Dissociating From an LLC

by Patrick Casey

A limited liability company (“LLC”) is a common form of doing business today. When members (meaning the owners) of an LLC are not getting along, the members usually agree to dissolve the LLC and distribute its assets. In certain circumstances, dissolution may not be an option. In that situation, a disgruntled member may elect to withdraw (or dissociate) from the LLC. The member will no longer be actively involved with the LLC but the LLC can continue to do business.

“Dissociation” typically means the voluntary withdrawal of a member from an LLC, but it can also occur involuntarily when the other members vote to expel a particular member. A member can voluntarily withdraw from an LLC at any time. So long as there is no prohibition in the operating agreement against withdrawal, then the withdrawal will be a proper dissociation. A member can still withdraw if there is a prohibition on withdrawal, but the other members will be able to take certain actions against the withdrawing member as detailed in the operating agreement.

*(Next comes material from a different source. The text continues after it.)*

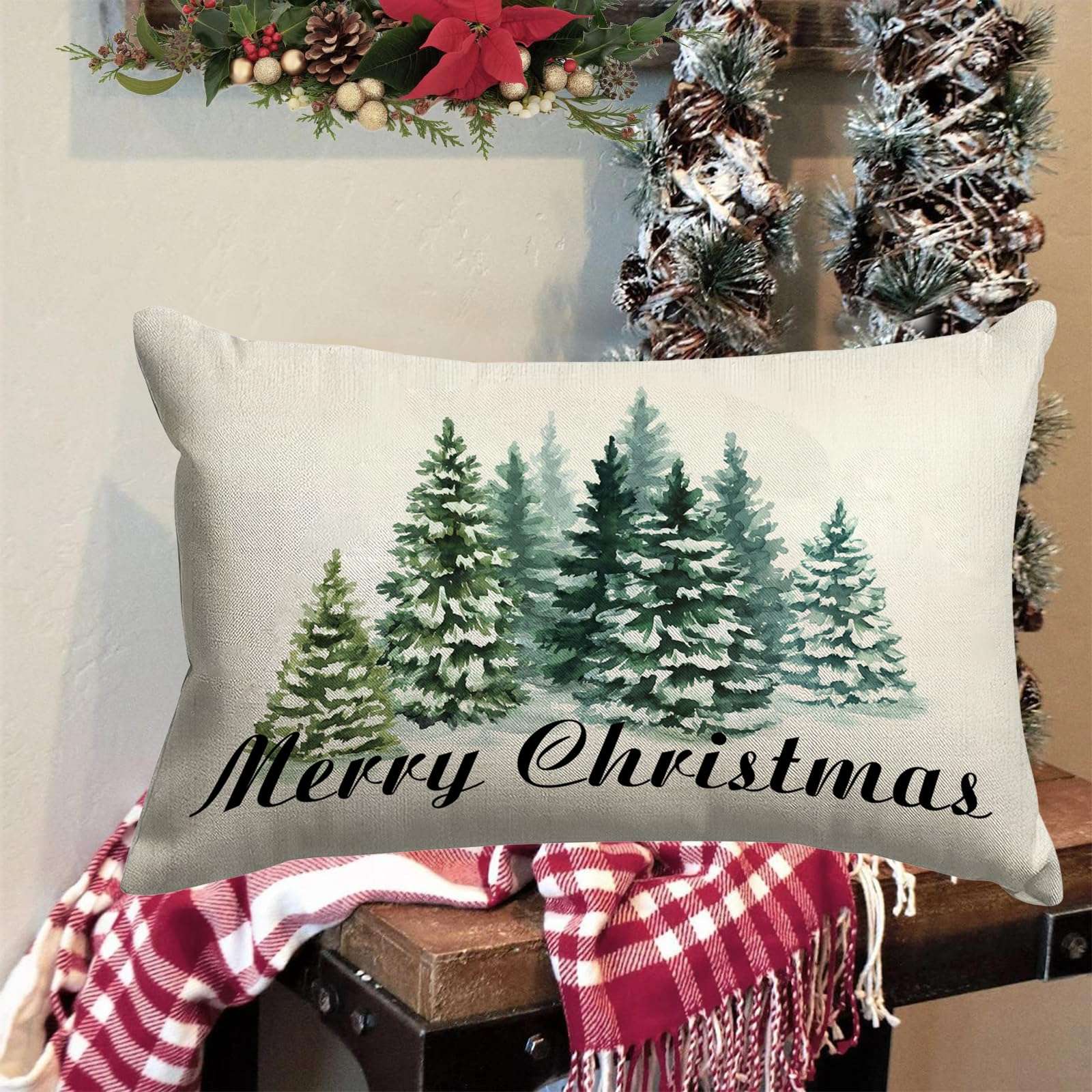 GOOESING Merry Christmas Pillow Covers 16x24 Inch Watercolor Green Christmas Tree Nature Forest Linen Decorative Throw Pillow Cover Cushion Case for Indoor Outdoor Home Sofa Bedroom Living Room - Image 2
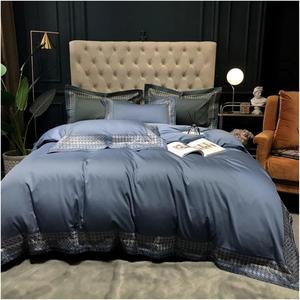 Generic Комплект постельного белья King из египетского хлопка 600TC Blue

Once a member withdraws (or dissociates) from the LLC, the LLC remains in business and does not dissolve. A dissociated member continues to hold an economic interest in the LLC for the same ownership interest percentage as their former membership interest. A dissociated member has a right to share in the LLC’s profits and losses and if the LLC ever dissolves, the dissociated member will be entitled to their respective share of any assets distributed to the members.

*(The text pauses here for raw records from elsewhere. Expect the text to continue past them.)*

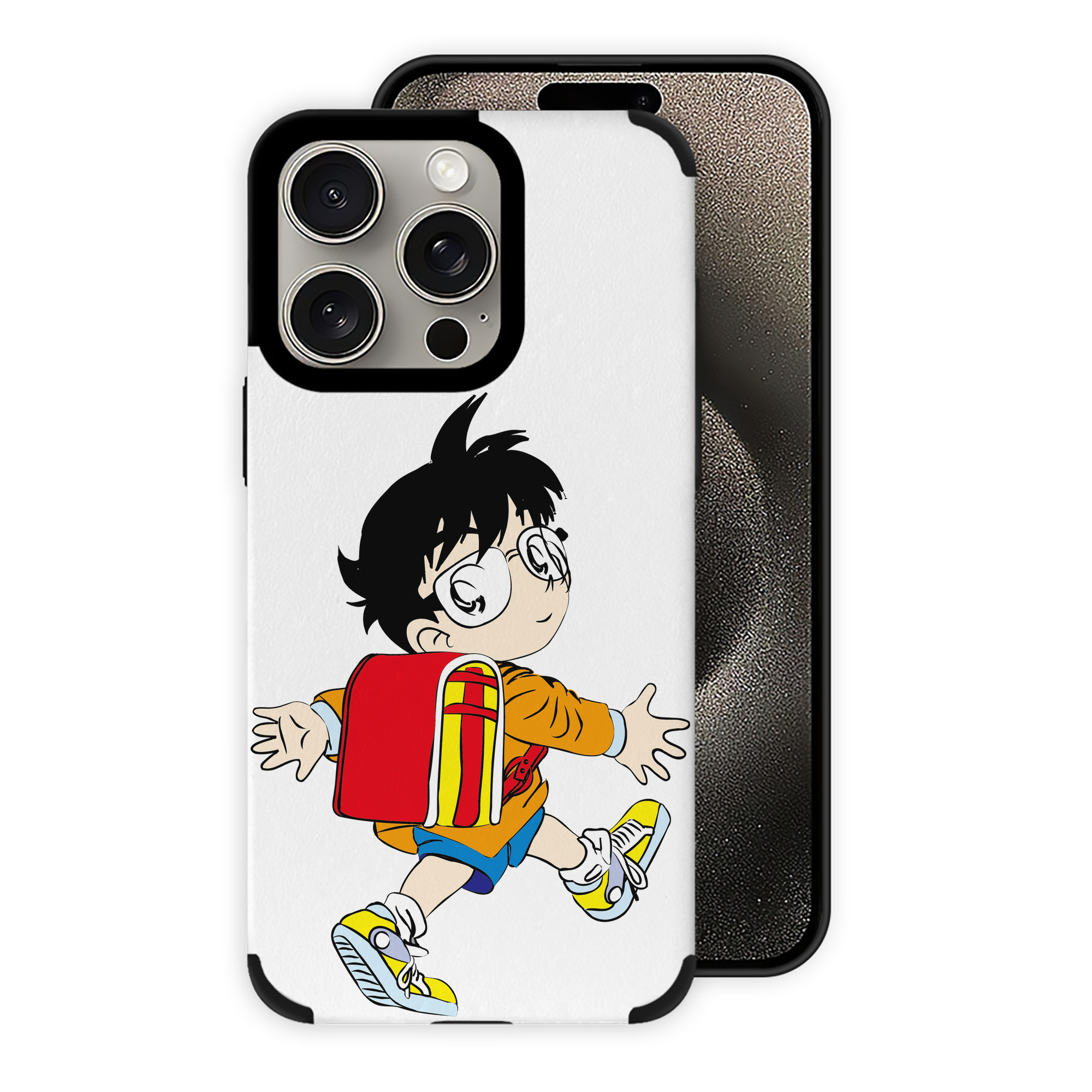 （画像用） 名探偵コナン 江戸川 コナン Detective Conan Conan Edogawa 【iPhone15ProMax対応】 PUレザー スマホケース 耐衝撃＆黄変防止
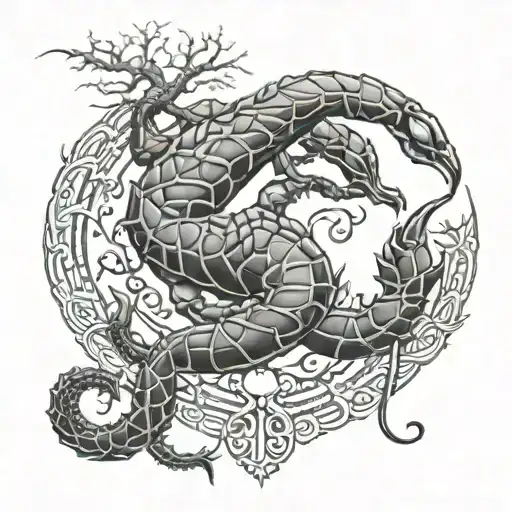 Tree Of Life Scorpion Intertwined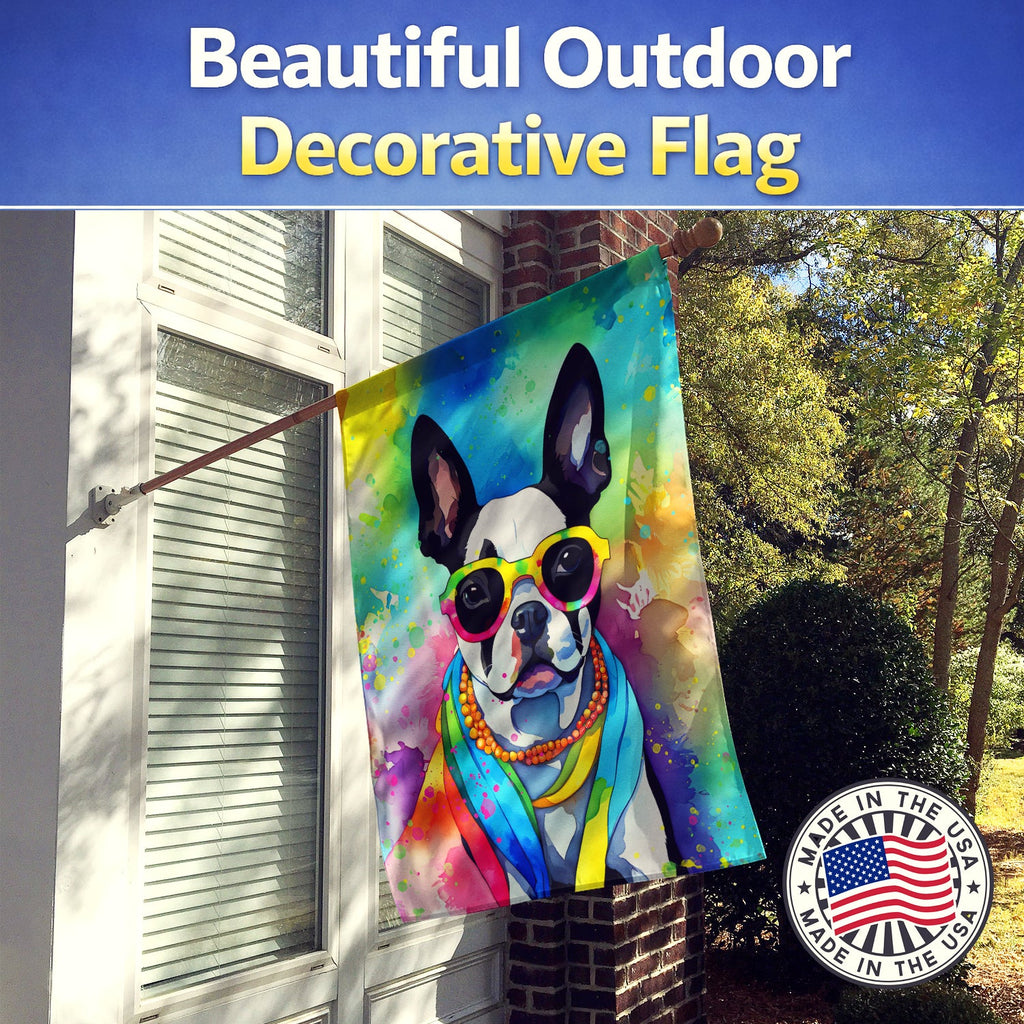 Boston Terrier Hippie Dawg House Flag 28x40 Porch Sleeve Pole Decorative Outside Yard Banner Artwork Wall Hanging, Polyester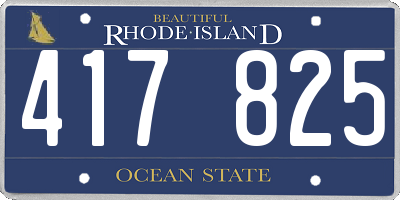RI license plate 417825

A dissociated member does not have any right to participate in the management or operation of the LLC. The dissociated member does not have any voting rights in the LLC. A dissociated member no longer has any fiduciary duties to the LLC.

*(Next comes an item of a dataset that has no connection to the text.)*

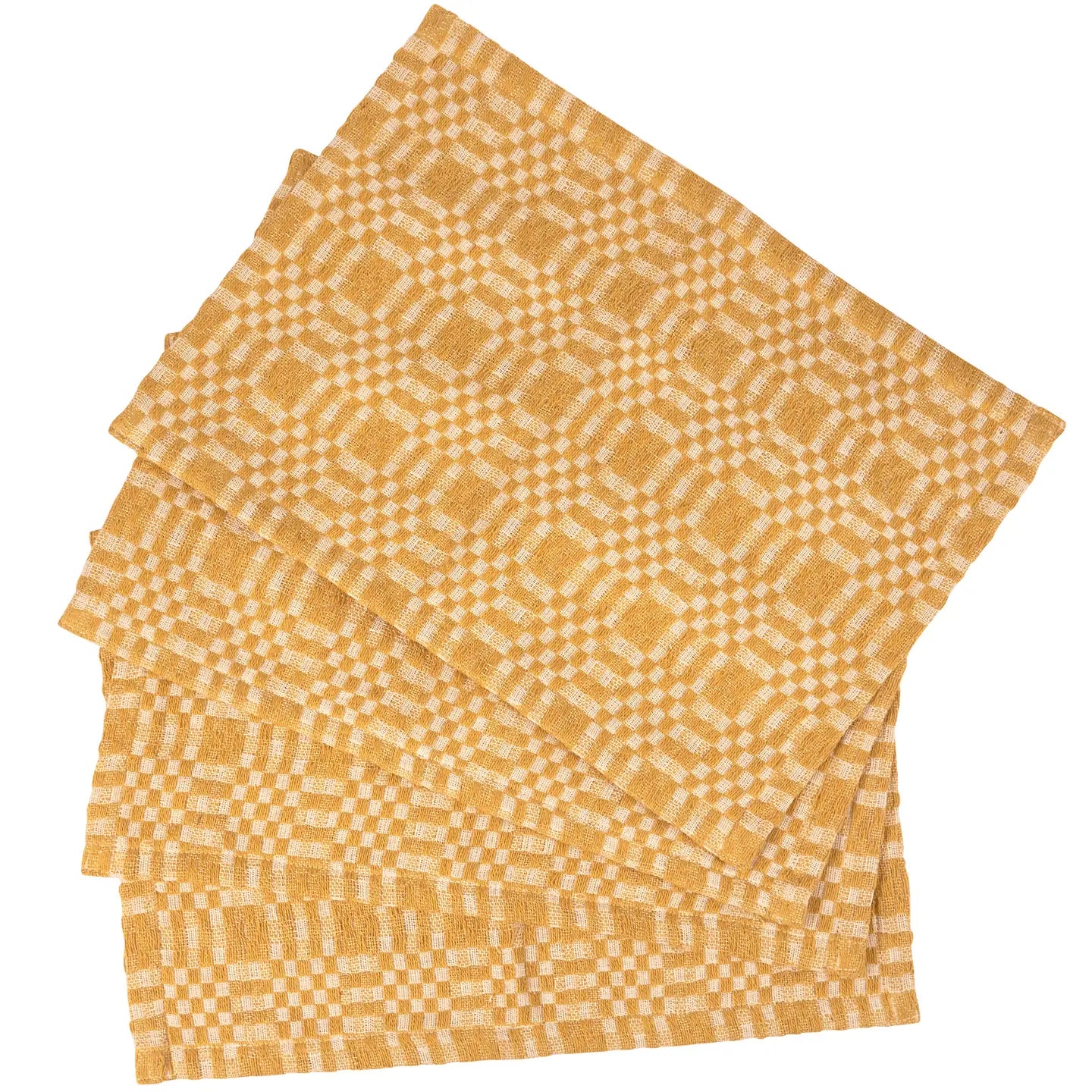 Gold Check Placemat Set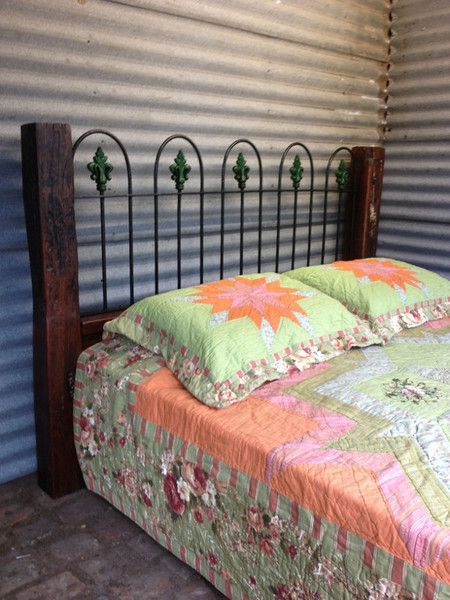 Vintage Cast Iron and Redgum queen size bed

A member may want to dissociate from an LLC when that individual strongly disagrees with the LLC’s management and operation and when the member knows that they do not have enough of an ownership interest to force dissolution of the LLC. A member may also consider dissociation if the member is unable to negotiate an adequate buyout of their membership interest by the other members. Although a dissociated member no longer has any management or control of the LLC, they also no longer have any fiduciary duties to the LLC. This may allow the dissociated member to pursue other avenues and interests and possibly even to compete with the LLC (which the member would not be able to do otherwise as it would likely breach their fiduciary duties to the LLC).

If an LLC member finds themselves in a situation where they cannot get along with the other members and strongly disagrees with the LLC’s actions, then dissociation is one of several remedies that the disgruntled member should consider.